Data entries
==========

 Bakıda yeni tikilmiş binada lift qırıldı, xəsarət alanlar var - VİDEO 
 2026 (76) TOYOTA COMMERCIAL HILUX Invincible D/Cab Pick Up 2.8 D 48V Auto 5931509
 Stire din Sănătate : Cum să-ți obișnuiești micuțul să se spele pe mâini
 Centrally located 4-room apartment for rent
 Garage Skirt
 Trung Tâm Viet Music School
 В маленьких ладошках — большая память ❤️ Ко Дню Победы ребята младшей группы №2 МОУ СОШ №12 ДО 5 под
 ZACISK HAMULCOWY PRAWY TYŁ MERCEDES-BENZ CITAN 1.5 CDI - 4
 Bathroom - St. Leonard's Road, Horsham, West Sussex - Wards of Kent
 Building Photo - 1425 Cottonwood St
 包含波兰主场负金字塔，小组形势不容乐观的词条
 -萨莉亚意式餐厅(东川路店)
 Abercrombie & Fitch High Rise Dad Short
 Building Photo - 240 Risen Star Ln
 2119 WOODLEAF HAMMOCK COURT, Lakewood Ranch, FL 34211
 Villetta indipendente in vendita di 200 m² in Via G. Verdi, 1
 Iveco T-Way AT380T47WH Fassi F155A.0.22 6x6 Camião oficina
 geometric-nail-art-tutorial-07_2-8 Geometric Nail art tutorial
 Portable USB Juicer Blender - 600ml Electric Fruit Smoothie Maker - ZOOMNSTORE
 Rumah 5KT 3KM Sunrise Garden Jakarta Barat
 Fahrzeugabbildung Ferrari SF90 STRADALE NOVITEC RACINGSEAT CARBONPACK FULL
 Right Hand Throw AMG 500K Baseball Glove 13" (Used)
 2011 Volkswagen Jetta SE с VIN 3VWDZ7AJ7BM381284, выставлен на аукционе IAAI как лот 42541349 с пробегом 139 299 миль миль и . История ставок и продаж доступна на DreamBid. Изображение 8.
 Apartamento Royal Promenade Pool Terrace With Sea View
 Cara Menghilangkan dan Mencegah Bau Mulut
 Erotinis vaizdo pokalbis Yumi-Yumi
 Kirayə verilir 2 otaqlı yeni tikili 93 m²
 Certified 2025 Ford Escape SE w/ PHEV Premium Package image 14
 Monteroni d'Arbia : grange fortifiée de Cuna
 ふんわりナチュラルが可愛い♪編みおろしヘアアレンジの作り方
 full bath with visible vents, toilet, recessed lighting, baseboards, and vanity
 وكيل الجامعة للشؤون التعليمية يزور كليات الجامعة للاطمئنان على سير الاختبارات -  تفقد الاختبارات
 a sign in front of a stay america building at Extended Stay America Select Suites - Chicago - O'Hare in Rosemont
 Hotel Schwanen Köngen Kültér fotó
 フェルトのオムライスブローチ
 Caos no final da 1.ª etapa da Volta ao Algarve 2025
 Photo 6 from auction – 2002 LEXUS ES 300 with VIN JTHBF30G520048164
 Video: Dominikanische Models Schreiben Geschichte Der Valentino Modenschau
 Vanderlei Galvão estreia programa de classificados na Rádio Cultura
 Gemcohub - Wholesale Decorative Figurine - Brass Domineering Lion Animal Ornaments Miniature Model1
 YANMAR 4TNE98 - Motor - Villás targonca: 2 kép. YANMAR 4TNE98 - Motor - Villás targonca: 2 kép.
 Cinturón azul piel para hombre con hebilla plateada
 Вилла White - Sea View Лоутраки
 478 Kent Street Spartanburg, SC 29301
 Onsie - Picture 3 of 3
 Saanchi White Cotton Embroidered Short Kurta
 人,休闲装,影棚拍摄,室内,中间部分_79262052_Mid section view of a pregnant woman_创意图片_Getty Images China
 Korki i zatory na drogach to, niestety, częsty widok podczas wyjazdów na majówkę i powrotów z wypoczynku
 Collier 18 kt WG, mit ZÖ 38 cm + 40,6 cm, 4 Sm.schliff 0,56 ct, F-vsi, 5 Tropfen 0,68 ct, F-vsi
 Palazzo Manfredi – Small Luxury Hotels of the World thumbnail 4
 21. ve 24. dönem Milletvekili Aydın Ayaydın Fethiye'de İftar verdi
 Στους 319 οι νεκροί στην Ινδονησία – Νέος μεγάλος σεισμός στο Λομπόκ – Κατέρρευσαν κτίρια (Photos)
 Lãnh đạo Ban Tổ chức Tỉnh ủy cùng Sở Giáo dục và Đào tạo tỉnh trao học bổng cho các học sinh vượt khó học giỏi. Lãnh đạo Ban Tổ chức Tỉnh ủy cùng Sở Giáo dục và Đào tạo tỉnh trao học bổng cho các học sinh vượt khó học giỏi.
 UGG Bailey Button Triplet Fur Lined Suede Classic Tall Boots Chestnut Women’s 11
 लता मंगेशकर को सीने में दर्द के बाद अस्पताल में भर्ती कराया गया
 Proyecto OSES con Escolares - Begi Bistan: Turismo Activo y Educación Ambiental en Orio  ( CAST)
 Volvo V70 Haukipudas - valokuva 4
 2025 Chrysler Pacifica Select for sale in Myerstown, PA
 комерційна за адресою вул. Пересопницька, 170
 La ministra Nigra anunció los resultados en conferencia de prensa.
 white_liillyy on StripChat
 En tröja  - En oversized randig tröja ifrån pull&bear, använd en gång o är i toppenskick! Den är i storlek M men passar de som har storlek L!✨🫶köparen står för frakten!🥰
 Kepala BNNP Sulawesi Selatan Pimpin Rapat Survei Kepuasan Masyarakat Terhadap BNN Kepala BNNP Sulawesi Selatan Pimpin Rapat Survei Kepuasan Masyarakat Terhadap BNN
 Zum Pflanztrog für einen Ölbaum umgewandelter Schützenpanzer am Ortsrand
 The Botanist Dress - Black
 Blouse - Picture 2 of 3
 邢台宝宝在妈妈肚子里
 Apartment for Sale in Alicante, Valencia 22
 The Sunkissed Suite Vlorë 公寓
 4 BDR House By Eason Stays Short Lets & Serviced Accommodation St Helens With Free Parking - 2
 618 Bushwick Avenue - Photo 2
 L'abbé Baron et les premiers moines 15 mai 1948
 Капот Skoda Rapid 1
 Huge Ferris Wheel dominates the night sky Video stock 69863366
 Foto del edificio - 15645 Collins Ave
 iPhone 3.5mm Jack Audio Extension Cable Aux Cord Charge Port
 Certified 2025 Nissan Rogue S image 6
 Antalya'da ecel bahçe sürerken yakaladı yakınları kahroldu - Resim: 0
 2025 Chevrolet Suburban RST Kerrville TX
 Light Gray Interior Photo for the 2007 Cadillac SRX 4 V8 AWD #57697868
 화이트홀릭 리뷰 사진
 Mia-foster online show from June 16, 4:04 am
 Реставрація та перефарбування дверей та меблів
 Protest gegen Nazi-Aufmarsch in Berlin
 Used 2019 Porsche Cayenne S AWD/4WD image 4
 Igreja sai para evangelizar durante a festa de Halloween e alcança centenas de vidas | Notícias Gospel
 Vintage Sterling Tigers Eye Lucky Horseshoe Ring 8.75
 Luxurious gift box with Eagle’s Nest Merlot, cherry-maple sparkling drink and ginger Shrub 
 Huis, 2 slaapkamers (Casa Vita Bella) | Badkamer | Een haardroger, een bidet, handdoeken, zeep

==========

** Task directions **
An exact copy of all the records above is needed.

** Response below **
 Bakıda yeni tikilmiş binada lift qırıldı, xəsarət alanlar var - VİDEO 
 2026 (76) TOYOTA COMMERCIAL HILUX Invincible D/Cab Pick Up 2.8 D 48V Auto 5931509
 Stire din Sănătate : Cum să-ți obișnuiești micuțul să se spele pe mâini
 Centrally located 4-room apartment for rent
 Garage Skirt
 Trung Tâm Viet Music School
 В маленьких ладошках — большая память ❤️ Ко Дню Победы ребята младшей группы №2 МОУ СОШ №12 ДО 5 под
 ZACISK HAMULCOWY PRAWY TYŁ MERCEDES-BENZ CITAN 1.5 CDI - 4
 Bathroom - St. Leonard's Road, Horsham, West Sussex - Wards of Kent
 Building Photo - 1425 Cottonwood St
 包含波兰主场负金字塔，小组形势不容乐观的词条
 -萨莉亚意式餐厅(东川路店)
 Abercrombie & Fitch High Rise Dad Short
 Building Photo - 240 Risen Star Ln
 2119 WOODLEAF HAMMOCK COURT, Lakewood Ranch, FL 34211
 Villetta indipendente in vendita di 200 m² in Via G. Verdi, 1
 Iveco T-Way AT380T47WH Fassi F155A.0.22 6x6 Camião oficina
 geometric-nail-art-tutorial-07_2-8 Geometric Nail art tutorial
 Portable USB Juicer Blender - 600ml Electric Fruit Smoothie Maker - ZOOMNSTORE
 Rumah 5KT 3KM Sunrise Garden Jakarta Barat
 Fahrzeugabbildung Ferrari SF90 STRADALE NOVITEC RACINGSEAT CARBONPACK FULL
 Right Hand Throw AMG 500K Baseball Glove 13" (Used)
 2011 Volkswagen Jetta SE с VIN 3VWDZ7AJ7BM381284, выставлен на аукционе IAAI как лот 42541349 с пробегом 139 299 миль миль и . История ставок и продаж доступна на DreamBid. Изображение 8.
 Apartamento Royal Promenade Pool Terrace With Sea View
 Cara Menghilangkan dan Mencegah Bau Mulut
 Erotinis vaizdo pokalbis Yumi-Yumi
 Kirayə verilir 2 otaqlı yeni tikili 93 m²
 Certified 2025 Ford Escape SE w/ PHEV Premium Package image 14
 Monteroni d'Arbia : grange fortifiée de Cuna
 ふんわりナチュラルが可愛い♪編みおろしヘアアレンジの作り方
 full bath with visible vents, toilet, recessed lighting, baseboards, and vanity
 وكيل الجامعة للشؤون التعليمية يزور كليات الجامعة للاطمئنان على سير الاختبارات -  تفقد الاختبارات
 a sign in front of a stay america building at Extended Stay America Select Suites - Chicago - O'Hare in Rosemont
 Hotel Schwanen Köngen Kültér fotó
 フェルトのオムライスブローチ
 Caos no final da 1.ª etapa da Volta ao Algarve 2025
 Photo 6 from auction – 2002 LEXUS ES 300 with VIN JTHBF30G520048164
 Video: Dominikanische Models Schreiben Geschichte Der Valentino Modenschau
 Vanderlei Galvão estreia programa de classificados na Rádio Cultura
 Gemcohub - Wholesale Decorative Figurine - Brass Domineering Lion Animal Ornaments Miniature Model1
 YANMAR 4TNE98 - Motor - Villás targonca: 2 kép. YANMAR 4TNE98 - Motor - Villás targonca: 2 kép.
 Cinturón azul piel para hombre con hebilla plateada
 Вилла White - Sea View Лоутраки
 478 Kent Street Spartanburg, SC 29301
 Onsie - Picture 3 of 3
 Saanchi White Cotton Embroidered Short Kurta
 人,休闲装,影棚拍摄,室内,中间部分_79262052_Mid section view of a pregnant woman_创意图片_Getty Images China
 Korki i zatory na drogach to, niestety, częsty widok podczas wyjazdów na majówkę i powrotów z wypoczynku
 Collier 18 kt WG, mit ZÖ 38 cm + 40,6 cm, 4 Sm.schliff 0,56 ct, F-vsi, 5 Tropfen 0,68 ct, F-vsi
 Palazzo Manfredi – Small Luxury Hotels of the World thumbnail 4
 21. ve 24. dönem Milletvekili Aydın Ayaydın Fethiye'de İftar verdi
 Στους 319 οι νεκροί στην Ινδονησία – Νέος μεγάλος σεισμός στο Λομπόκ – Κατέρρευσαν κτίρια (Photos)
 Lãnh đạo Ban Tổ chức Tỉnh ủy cùng Sở Giáo dục và Đào tạo tỉnh trao học bổng cho các học sinh vượt khó học giỏi. Lãnh đạo Ban Tổ chức Tỉnh ủy cùng Sở Giáo dục và Đào tạo tỉnh trao học bổng cho các học sinh vượt khó học giỏi.
 UGG Bailey Button Triplet Fur Lined Suede Classic Tall Boots Chestnut Women’s 11
 लता मंगेशकर को सीने में दर्द के बाद अस्पताल में भर्ती कराया गया
 Proyecto OSES con Escolares - Begi Bistan: Turismo Activo y Educación Ambiental en Orio  ( CAST)
 Volvo V70 Haukipudas - valokuva 4
 2025 Chrysler Pacifica Select for sale in Myerstown, PA
 комерційна за адресою вул. Пересопницька, 170
 La ministra Nigra anunció los resultados en conferencia de prensa.
 white_liillyy on StripChat
 En tröja  - En oversized randig tröja ifrån pull&bear, använd en gång o är i toppenskick! Den är i storlek M men passar de som har storlek L!✨🫶köparen står för frakten!🥰
 Kepala BNNP Sulawesi Selatan Pimpin Rapat Survei Kepuasan Masyarakat Terhadap BNN Kepala BNNP Sulawesi Selatan Pimpin Rapat Survei Kepuasan Masyarakat Terhadap BNN
 Zum Pflanztrog für einen Ölbaum umgewandelter Schützenpanzer am Ortsrand
 The Botanist Dress - Black
 Blouse - Picture 2 of 3
 邢台宝宝在妈妈肚子里
 Apartment for Sale in Alicante, Valencia 22
 The Sunkissed Suite Vlorë 公寓
 4 BDR House By Eason Stays Short Lets & Serviced Accommodation St Helens With Free Parking - 2
 618 Bushwick Avenue - Photo 2
 L'abbé Baron et les premiers moines 15 mai 1948
 Капот Skoda Rapid 1
 Huge Ferris Wheel dominates the night sky Video stock 69863366
 Foto del edificio - 15645 Collins Ave
 iPhone 3.5mm Jack Audio Extension Cable Aux Cord Charge Port
 Certified 2025 Nissan Rogue S image 6
 Antalya'da ecel bahçe sürerken yakaladı yakınları kahroldu - Resim: 0
 2025 Chevrolet Suburban RST Kerrville TX
 Light Gray Interior Photo for the 2007 Cadillac SRX 4 V8 AWD #57697868
 화이트홀릭 리뷰 사진
 Mia-foster online show from June 16, 4:04 am
 Реставрація та перефарбування дверей та меблів
 Protest gegen Nazi-Aufmarsch in Berlin
 Used 2019 Porsche Cayenne S AWD/4WD image 4
 Igreja sai para evangelizar durante a festa de Halloween e alcança centenas de vidas | Notícias Gospel
 Vintage Sterling Tigers Eye Lucky Horseshoe Ring 8.75
 Luxurious gift box with Eagle’s Nest Merlot, cherry-maple sparkling drink and ginger Shrub 
 Huis, 2 slaapkamers (Casa Vita Bella) | Badkamer | Een haardroger, een bidet, handdoeken, zeep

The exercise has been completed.